Fitch Solutions, has expressed optimism of a likely International Monetary Fund Board approval for a programme for Ghana in the first quarter of 2023.
In its January 2023 Sub-Saharan Africa Macroeconomic Update, it said the country has made significant progress on the Domestic Debt Exchange Programme, a key condition for the $3 billion Balance of Payment support from the Fund.
Senior Country Risk Analyst at Fitch Solutions based in London, Mike Kruninger said “the first thing I should say is that, the IMF Executive Board approval will happen in the coming weeks”.
He, however, warned that should the approval fail to happen in quarter one of 2023, investor sentiments will remain weaker in the coming months, putting additional pressure on the cedi.
“So in the first quarter of 2023, should this not happen, we will be expecting investor confidence to remain rather weak in the coming months which will put additional pressure on the exchange rate. So in that case, the currency will depreciate further more significantly than we currently anticipate”.
Mr. Kruninger added that “so what will happen in that instance is inflation will remain much higher for much longer. And this will then weigh on incomes, it will weigh on overall private sector activities”.
He concluded that Ghana’s growth rate will then be weaker than the 2.9% it projected.
“So in this instance the economic wealth will become much weaker than the 2.9 percent that we are currently forecasting”.
IMF deal would improve Ghana’s external position, restore investor sentiment
Fitch Solutions had earlier said an IMF deal would help improve Ghana’s external and fiscal positions, restoring investor sentiment and easing pressure on the exchange rate.
It indicated that the government would make greater progress on fiscal reforms under an IMF deal.
“We believe that an IMF deal would improve Ghana’s external and fiscal positions, restoring investor sentiment and easing pressure on the exchange rate”.
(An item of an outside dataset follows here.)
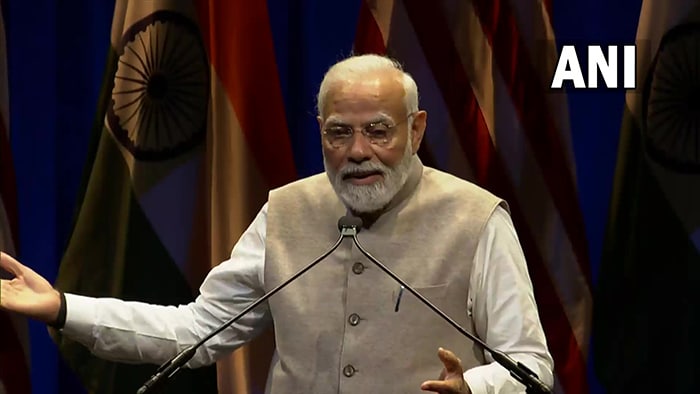 PM Modi US Visit: प्रधानमंत्री मोदी ने भारतीय समुदाय को किया संबोधित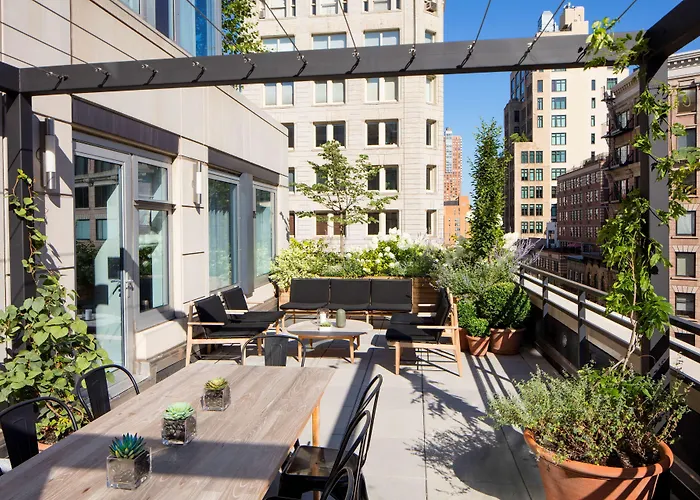 Smyth Tribeca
Ghana’s fiscal metrics haddeteriorated significantly since 2020, due to weak revenue inflows and high-interest expenditures, with its budget deficit narrowing only slightly to 8.6% of Gross Domestic Product (GDP) in 2022 (from 9.3% in 2021), much wider compared to the 10-year pre-pandemic average of a 4.9% deficit.
“Under an IMF programme, we expect the government would make greater progress on fiscal reforms as the authorities seek to meet the targets to regain market access”, it pointed out.